Friday 1 October 2010

Death on the Frontier - The End of Our Man in Bokhara.













I'm moving on next to contemporary accounts of what became of the British Army of the Indus in the Kabul uprising of 1841, and the events that followed. What with already being dead and everything, our hero, Alexander Burnes, unfortunately, wasn't able to offer us any insights into the forces that the British invasion had unleashed. Or indeed to illuminate the ghastly sequence of events that had led him and so many others to their joint and several demise. So, for succeeding posts, we will have to turn elsewhere.

So, later on, we'll be hearing from two other Murray authors, Lady Florentia Sale and George Gleig, both eyewitnesses, about what happened next, as well as digging a little deeper into the causes of the disaster.

In the meantime, here are Burnes last written words, from his journal on the night of 31st October 1841: "What will this day bring forth? It will make or mar me, I suppose. Before the sun sets I shall know whether I go to Europe or succeed McNaghten. I grow very tired of praise and I suppose I shall get tired of censure in time."
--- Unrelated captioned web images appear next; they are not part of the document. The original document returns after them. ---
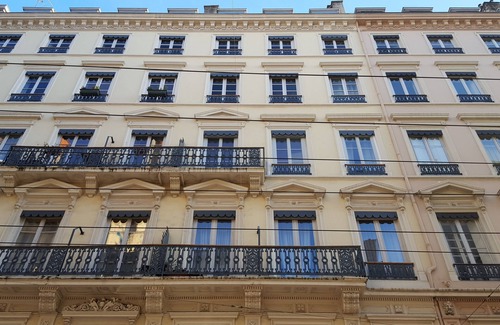 Terreaux - Bat d'argent Apartment | 2 Bedrooms Luxury Apartment with Balcony - La Suite Terreaux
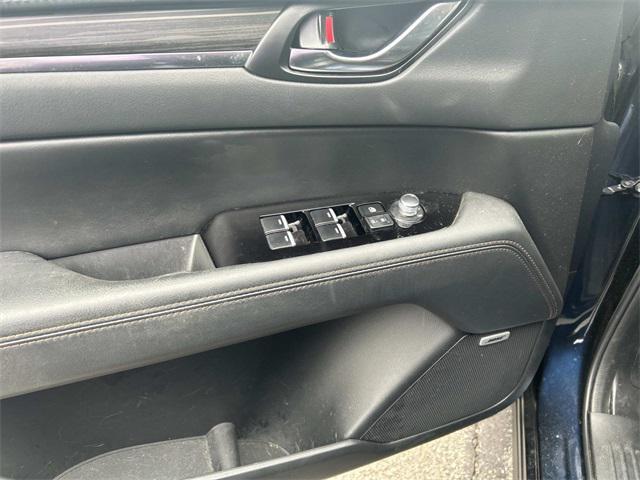 used 2022 Mazda CX-5 car, priced at $25,275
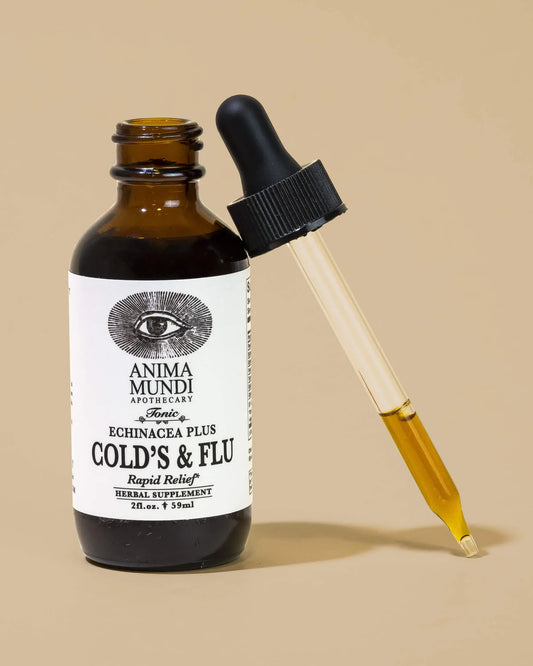 Anima Mundi | Colds Cocktail
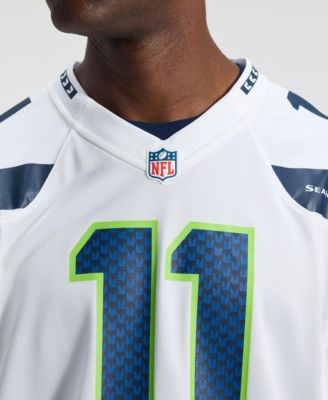 Nike Men's Jaxon Smith-Njigba White Seattle Seahawks Game Jersey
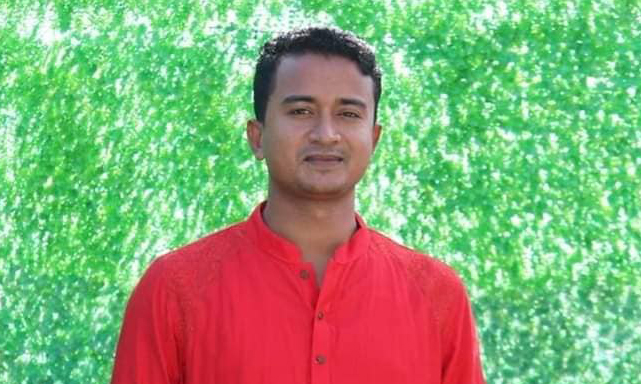 নকলার এসিল্যান্ড কাউছার আহম্মেদ করোনা আক্রান্ত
McNaghten, by the way, was his chief, who he hoped to succeed as Envoy of Her Majesty. For the sake of promotion, Burnes had downplayed the danger they were facing...his chief would only leave,(and Burnes succeed him) only if all were quiet...so Burnes had to make himself believe that all was quiet...
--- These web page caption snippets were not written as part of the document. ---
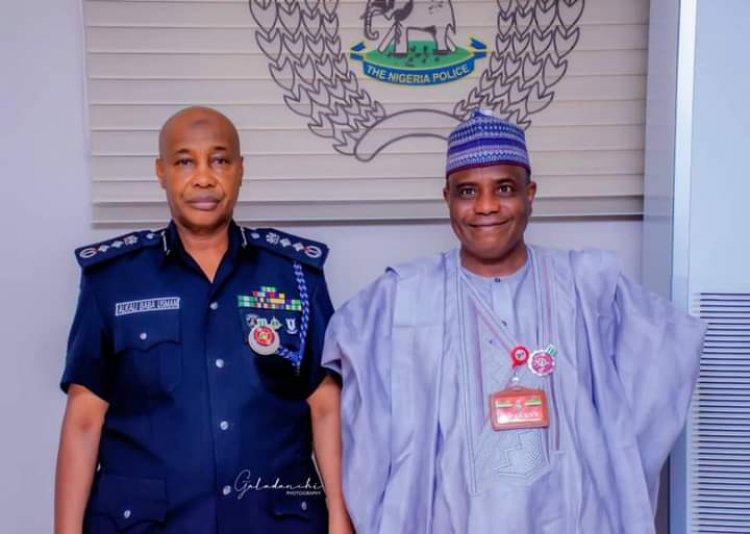 2023: Tambuwal  Group Meet Atiku, Ortom, Ishaku On Who the Cap Fits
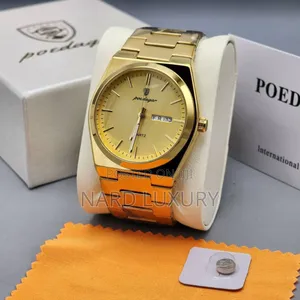 Poedagar Watch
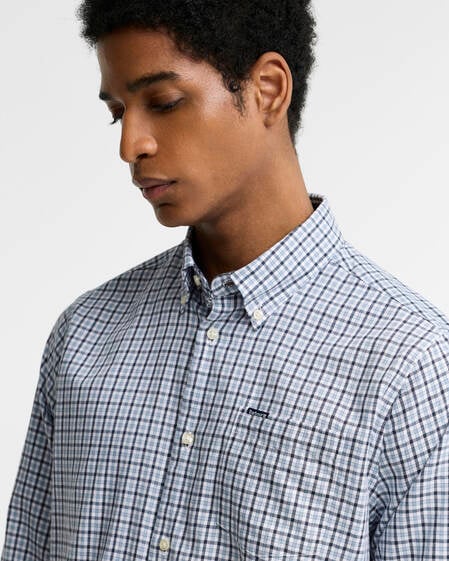 Padshaw Tailored Long-Sleeved Shirt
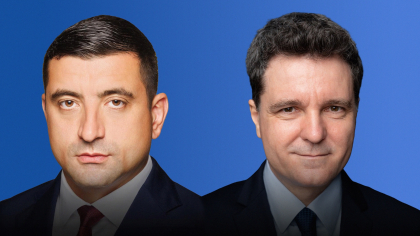 Alegeri prezidențiale 2025. Director INSCOP: Nicușor Dan, favorit în țară. George Simion, avantaj în diaspora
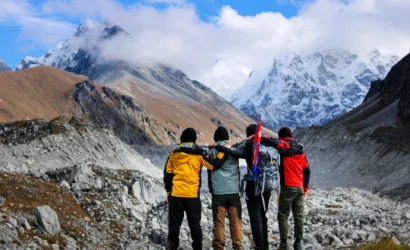 Nepal Group Tours
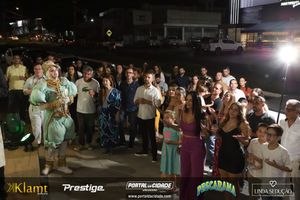 Inauguração Tramare Varanda Concept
On the morning of 2nd November,Alexander Burnes, traveller, spy and celebrity author, along with his young brother Charles was cut to pieces in the garden of his house in Kabul, within sight of the garrison cantonments. They had been led into the garden by a mysterious Kashmiri who helped them into disguises, but when he had them among the mob, cried out:

"See, friends, here is Sikundar Burnes!"

Our Man in Bokhara - Alexander Burnes and Disaster in Afghanistan 1841 - Part Five

As we passed through the city, some of the people cried out, Take care of Cabool. Do not destroy Cabool!
Alexander Burnes 'Cabool', John Murray, London, 1842

What I'm featuring here is an image of Dost Mohammed, with whom Burnes went to Kabul to negotiate in 1835, and an extract from the Preface to ''Cabool', his second and last book, published by John Murray in 1842. These are the last published words of the author, who wrote a foreward from the Cantonment of the British Army of occupation at Kabul in September of 1841.

Burnes, some of whose exploits and adventures as a British Intelligence Officer we've been looking at, and whose adventures had been published by the Murrays, was a member of the British Expeditionary Force that had occupied Kabul in 1838, indulging in a bit of regime change, ousting Dost Mohammed in favour of the former King, Shah Sootej.

As Burnes himself said, the book itself is an account of his previous mission to "Cabool", when the British had been looking for an alliance with the same Dost Mohammed. Burnes recommended to his chiefs that Dost Mohammed was fully in control of Kabul in a way that no one else could be; that he was intelligent and far sighted and wanted the British as allies, not enemies; and that he was, in the words of Margaret Thatcher, a man with whom we could do business...

(Burnes can't quite suppress the feelings underlying his recommendation in the published book, despite it being frankly opaque when it comes to politcal opinion. The young Scotman on the make had a career to construct, and to disagree with his chiefs in a travel book would not have served his turn. Similarly, his first book, "Travels in Bokhara" which made his name and secured his knighthood, is nothing if not cagey about what he was actually doing there)

Burnes liked Dost Mohammed...he can't stop himself from saying so...It is a continuing tribute to his stature that one of the current leaders of the Taleban has re-named himself "Dost Mohammed" in his honour.

It was Dost Mohammed's very qualities of strength and intelligence that those higher up than Burnes in the hierarchy of British Intelligence were afraid of. The Dost was an enemy of Runjeet Singh, (Sikh ruler of Lahore), and was, understandably, also talking to the Russians...who had their own "Man in Kabul" at the same time as Burnes.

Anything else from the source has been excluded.